• _Instructions to follow_
Exclude pictures; retype the lines below from the line containing "NVelocity – Síntaxe" through the end of the records, both ends kept.

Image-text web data
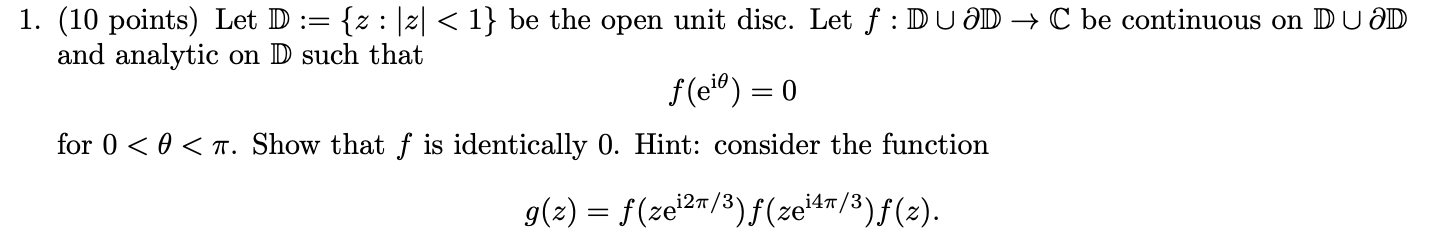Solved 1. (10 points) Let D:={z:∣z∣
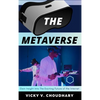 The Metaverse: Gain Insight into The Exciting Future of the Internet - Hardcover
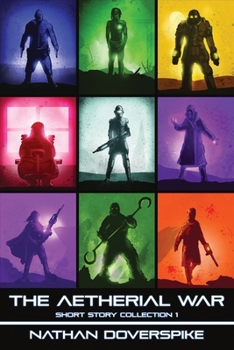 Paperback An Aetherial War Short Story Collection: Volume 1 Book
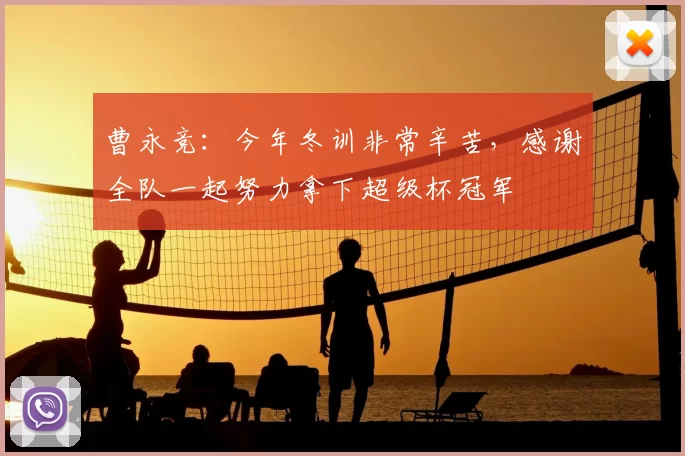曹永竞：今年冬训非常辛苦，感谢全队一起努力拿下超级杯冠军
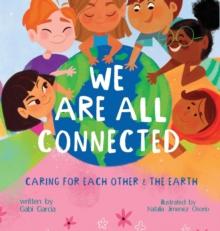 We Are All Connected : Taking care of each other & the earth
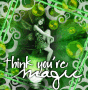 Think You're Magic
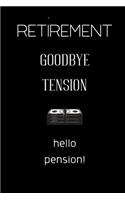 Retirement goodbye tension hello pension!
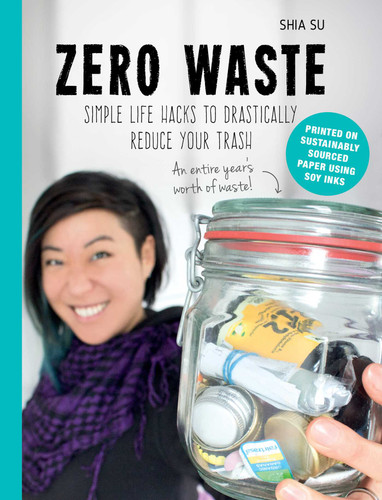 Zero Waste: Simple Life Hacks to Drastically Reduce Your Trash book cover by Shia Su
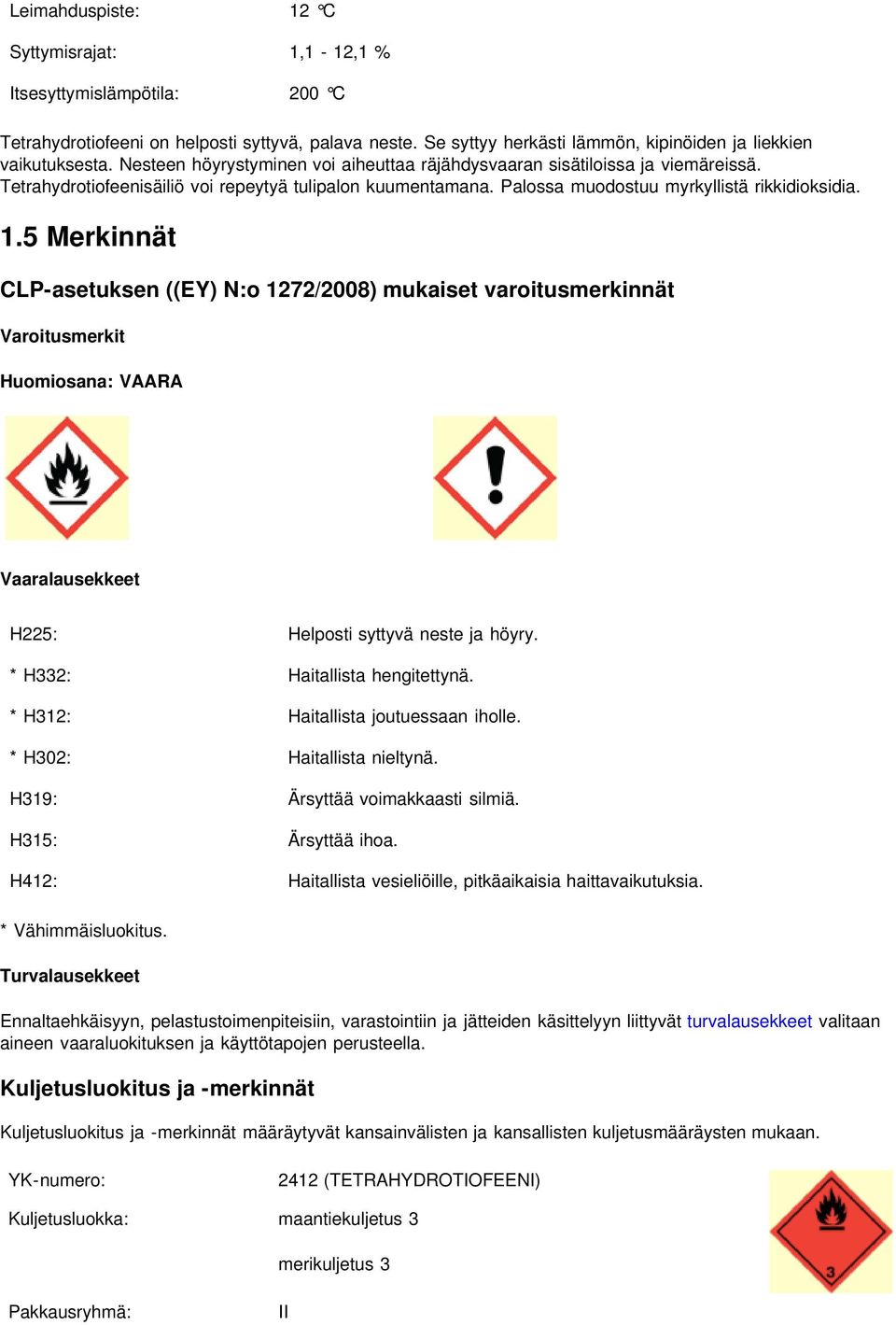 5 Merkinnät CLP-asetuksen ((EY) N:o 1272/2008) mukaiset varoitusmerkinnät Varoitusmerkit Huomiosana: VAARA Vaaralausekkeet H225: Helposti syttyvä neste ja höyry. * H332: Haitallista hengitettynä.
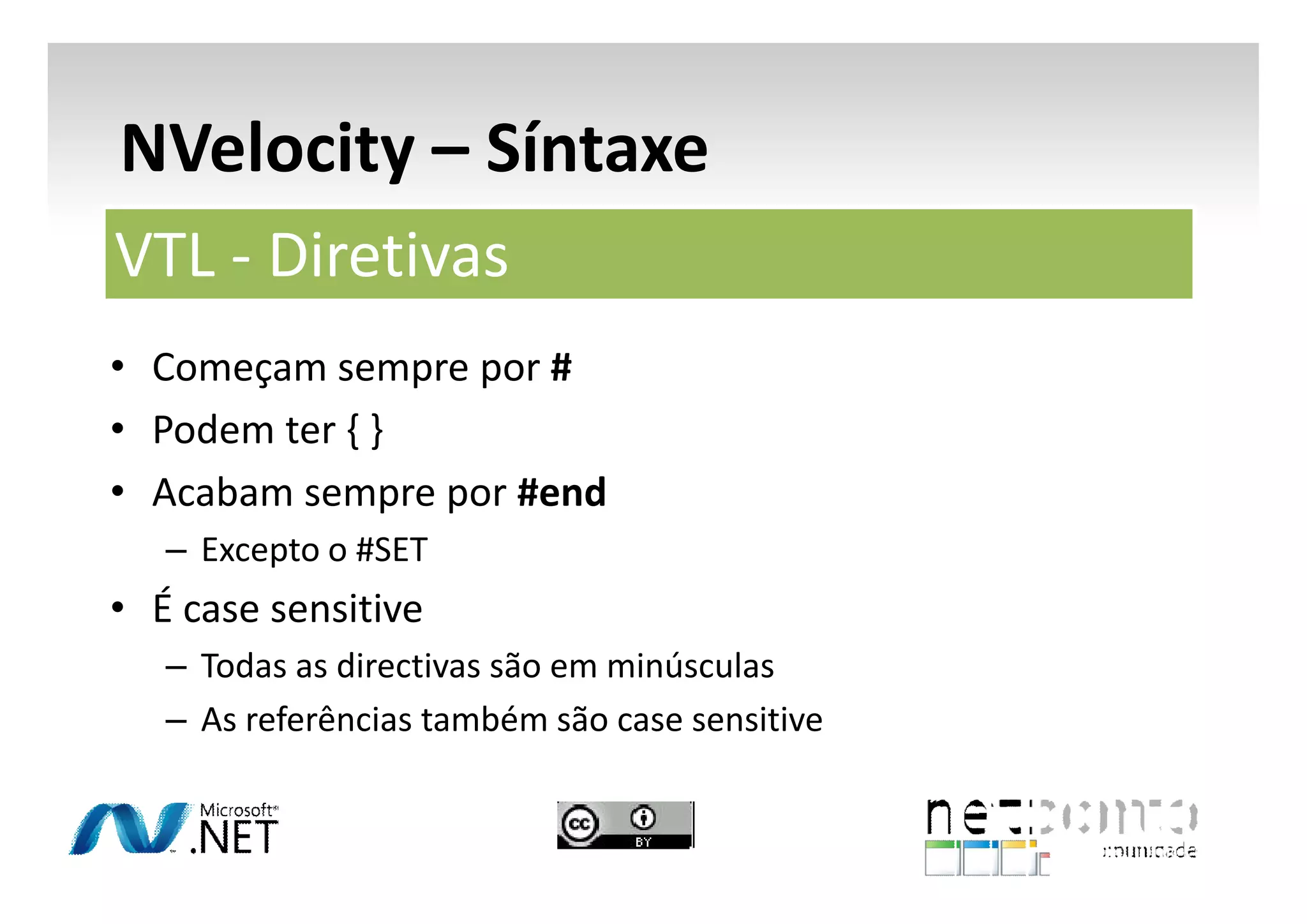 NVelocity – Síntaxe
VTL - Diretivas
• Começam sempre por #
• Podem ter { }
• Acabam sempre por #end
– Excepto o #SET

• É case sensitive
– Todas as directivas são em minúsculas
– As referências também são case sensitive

• _Solution for this task_
 NVelocity – Síntaxe
VTL - Diretivas
• Começam sempre por #
• Podem ter { }
• Acabam sempre por #end
– Excepto o #SET

• É case sensitive
– Todas as directivas são em minúsculas
– As referências também são case sensitive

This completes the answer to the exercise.